Nonetheless, this study effectively demonstrated how to customise the socket design to fit general limb shapes. Regarding the training data, while more data would undoubtedly strengthen the study, the current dataset was considered adequate, encompassing a diverse range of individuals.
It is crucial to emphasise that the authors do not seek to fully automate the socket fabrication process, as this process remains deeply rooted in individual requirements. Instead, the aim is to empower junior clinicians with insights gained from past experiences, including data from expert prosthetists. This approach enables the generation of intelligent templates for socket design, streamlining the design process by allowing technicians to identify design trends in patients’ residual limbs. Human input will be crucial throughout this process, ensuring that individual needs and specific designs are met. Thus, this study does not seek to replace the expertise of human clinicians, but rather to enhance their capabilities and efficiency in socket design.
5. Conclusions
This study successfully demonstrated a protocol for learning the intricacies of correction procedures and the general trends in residual limb cast shapes during prosthetic socket manufacturing, particularly in resource-constrained settings. With a commercial hand-held scanner, the efficacy in capturing the 3D geometry of both uncorrected and corrected positive casts of residual limbs was demonstrated. These digital geometries were subsequently subjected to automated shape anlaysis toolbox to quantify the extent of rectification performed on patients’ residual limb casts.

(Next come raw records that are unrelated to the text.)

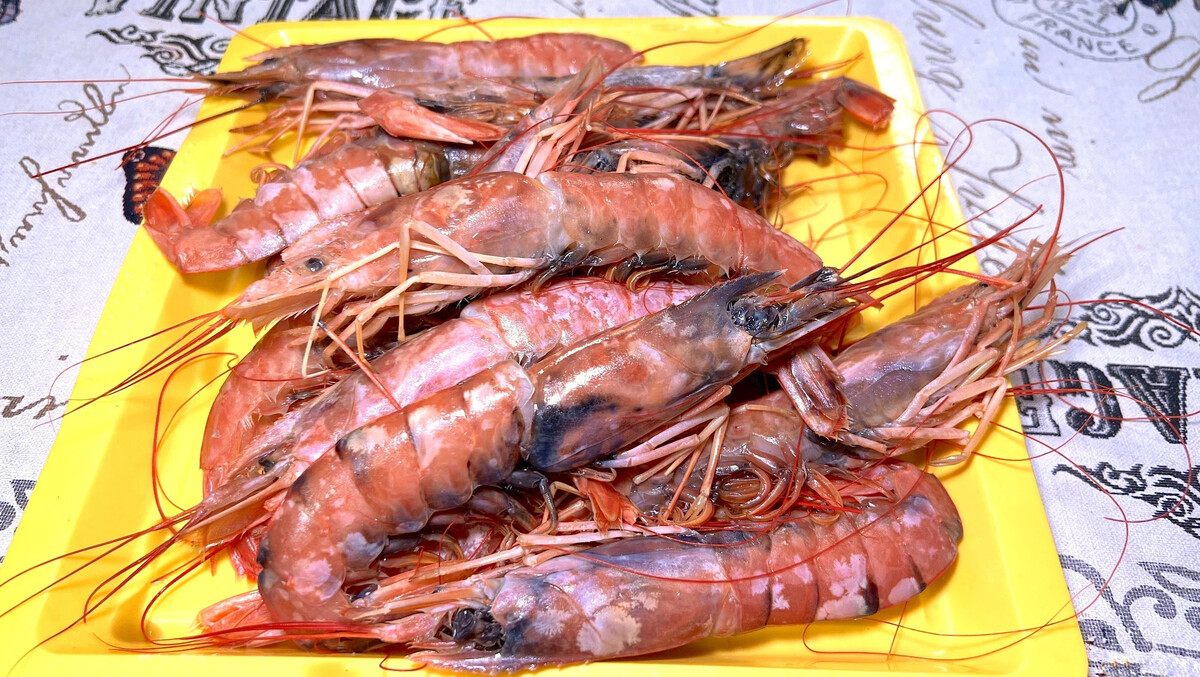 Лангустины аргентина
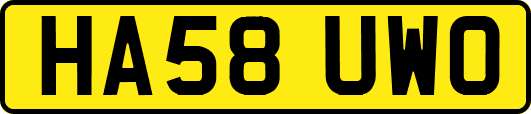 HA58UWO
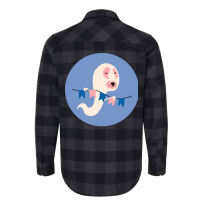 Puppy In Fancy Dress Nature Flannel Shirt | Artistshot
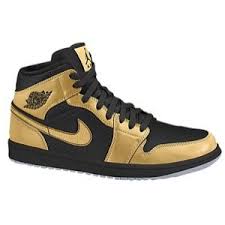 Jordan Aj 1 Mid Girls Grade School At Foot Locker Jordan Aj 1 Kids Shoes Jordans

Although this study was based on a limited dataset, it introduced a novel approach involving four distinct regions to assess the significance of correction procedures applied to the casts. The insights garnered from this analysis have the potential to benefit clinical researchers, offering an evidence-based tool for the evaluation of the performance of prosthetists-in-training. Moreover, it can offer foundational data for identifying the regions requiring rectification and assessing socket comfort during long-term follow-ups with individual patients. By streamlining this process, our method can reduce the clinical and iteration time necessary for crafting well-fitting, comfortable sockets.
Nonetheless, it is essential to acknowledge the study’s limitations and exercise caution in its interpretation and application. The study encompasses only 50 patients from a specific ethnic background, thus limiting its generalizability to all patient populations and clinical scenarios. Moreover, it is crucial to emphasise that the manufacturing process should not be fully automated, as patients must remain involved as a paramount consideration in socket design and fabrication. Therefore, while our method offers valuable insights and efficiencies, it should be regarded as a complementary tool for the prosthetic socket manufacturing process, augmenting the expertise of clinicians rather than replacing it.